Overall, these results suggested that acetic acid containing formulations (100 mM acetic acid with or without 100 mM NaCl) are the best in-process liquid formulations for the preparation of IGF-I powders. The presence NaCl could offer a slightly enhanced IGF-I chemical stability. The advantages of the acetic formulations are: 1) high concentration of IGF-I can be obtained in these formulations to minimize the volume and process time for IGF-I dry powder preparation; 2) IGF-I is stable and not sensitive to minor environmental pH changes in these formulations; 3) IGF-I is chemically stable in these formulations to provide excellent manufacturing scheduling flexibility.

Spray Drying Process:

Spray drying was a multi-parameter process and was performed using a mini spray dryer Bϋchi model 190. The solution was atomized by a two-fluid nozzle (0.5 mm) using compressed air from in-house supply (approximate at 5.5 bars). The air was filtered through a 0.22-μm Milidisk filter (Millipore) before entering the nozzle and the flow rate was controlled by a peristaltic pump (Cole Parmer). Cooling water was circulated through a jacket around the nozzle. Modifications of the original set-up for scale up operation included replacement of the bag-filter unit with a vacuum cleaning unit (Model 005, VAC- U-MAX) and relocation of the aspirator to the drying air input. The operating condition was: inlet temperature of 100°C, aspiration rate of 1,000 L/hr, atomizing air flow rate of 1,050 L/hr, and liquid feed rate of 15 mL/min. This condition resulted in an outlet temperature of 54°C.

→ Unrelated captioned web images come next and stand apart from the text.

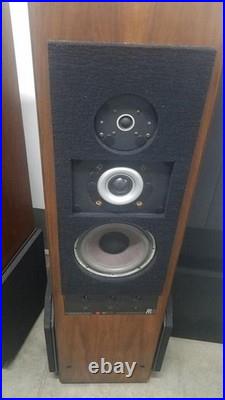 AR9 tower loudspeakers Acoustic Research Teledyne great condition made in USA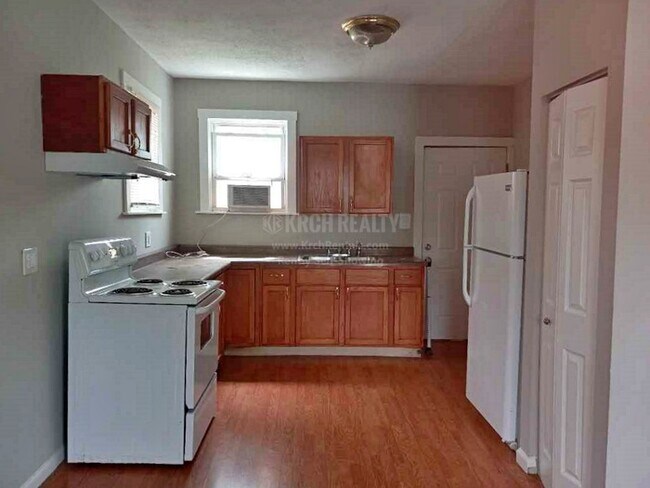 Building Photo - Cute and quiet 2 bedroom, 1 bathroom home!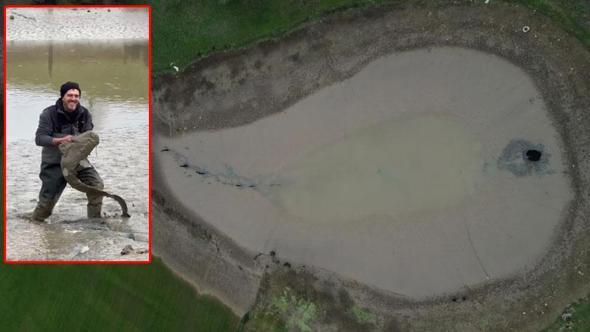 Göletin suyu boşalınca balıklar açıkta kaldı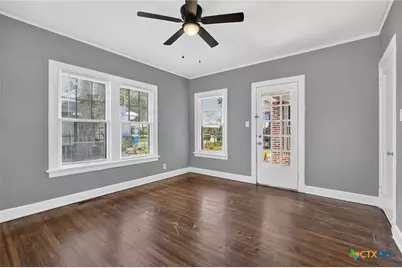 210 S Cedar Street, Seguin, TX 78155 - Photo 26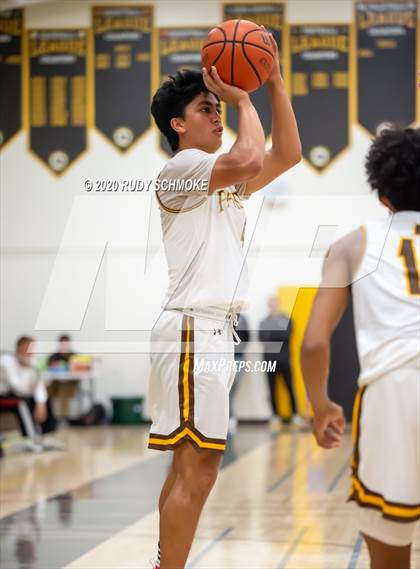 Thumbnail 1 in Francis Parker vs. Christian (Battle of the Bay) photogallery.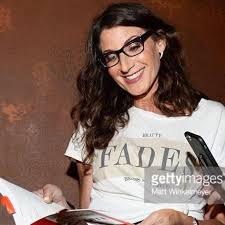 Profile for Tami Holzman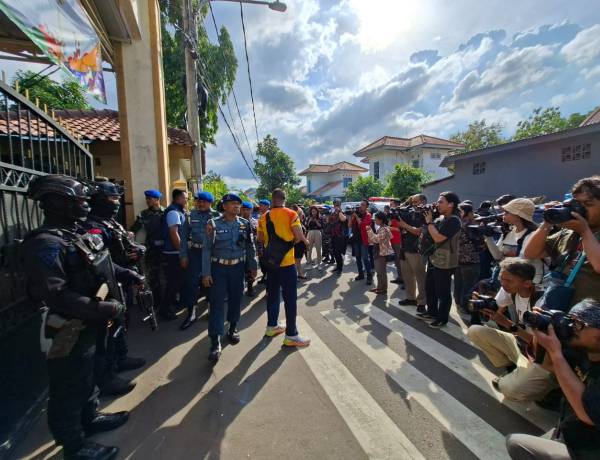 BREAKING NEWS: Ledakan di Masjid SMAN 72, Delapan Orang Terluka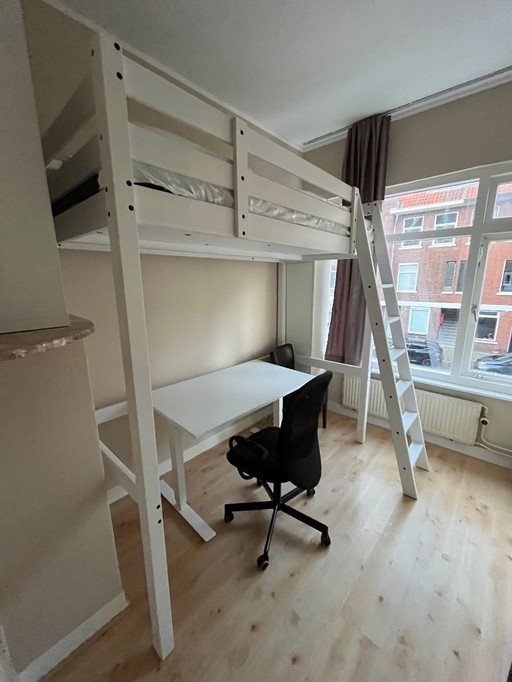 Cama alta de madera blanca para una persona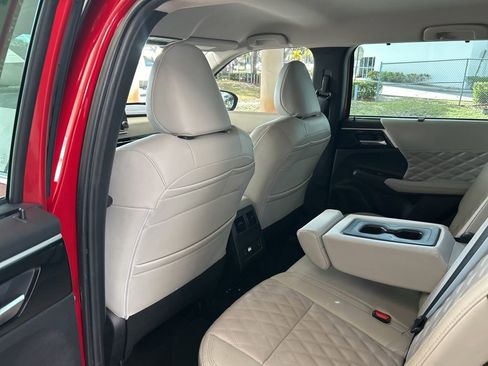 Used 2023 Mitsubishi Outlander SEL image 37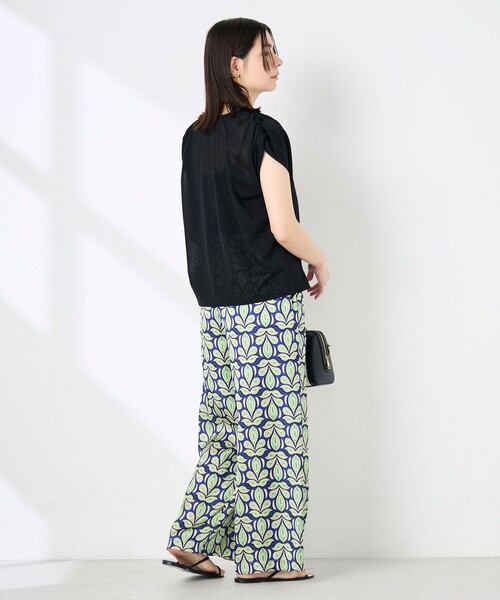NOLLEY’S(ノーリーズ)の「ウォッシャブルシアードライコットンショルダーギャザープルオーバー(Tシャツ/カットソー・レディース・ブラック/ホワイト/サックスブルー・FREE)」の7枚目の写真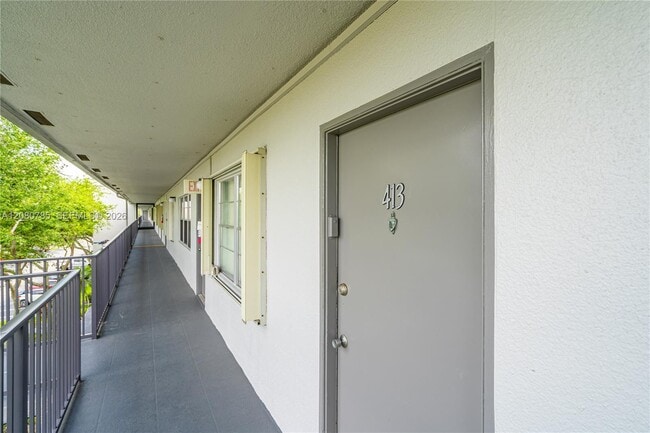 Building Photo - 300 SW 134th Way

Dispersibility measurement

The spray-dried powder was blended with 100M lactose coarse carrier at 1:10 weight ratio of active rhIGF-I to coarse carrier by mixing (Turbula, Glenn Mill) and sieving (250-μm

26 mesh). Ten individuals of pre-weighted samples of 10 mg blended powder (or 5 mg raw powder) were loaded into a dry powder inhaler (Dura Pharmaceuticals, San Diego) and dispersed into a multi-stage liquid impinger (MSLI) at an air flow rate of 60 L/min and an inhalation time of 5 seconds. The MSLI throat piece was attached to the top of the first stage. A filter paper was placed- underneath stage 4 to capture fine particles in range of less than 1 μm. The material which deposited in the throat piece and the filter and their washings analyzed for protein content. The fine particle fraction is defined as powder with an aerodynamic mass median diameter of less than 6.8 μm, and was determined by the percentage of protein which deposited on stages 3, 4 and filter.

Moisture Content:

The residual moisture of the powder sample was determined using a thermogravimetric analyzer (Perkin-Elmer, Model TGA7) in which the sample was heated at a rate of 4 jC/min from ambient temperature to 200 °C. Percent moisture was calculated as the weight loss between ambient temperature and 150°C where the profile leveled off.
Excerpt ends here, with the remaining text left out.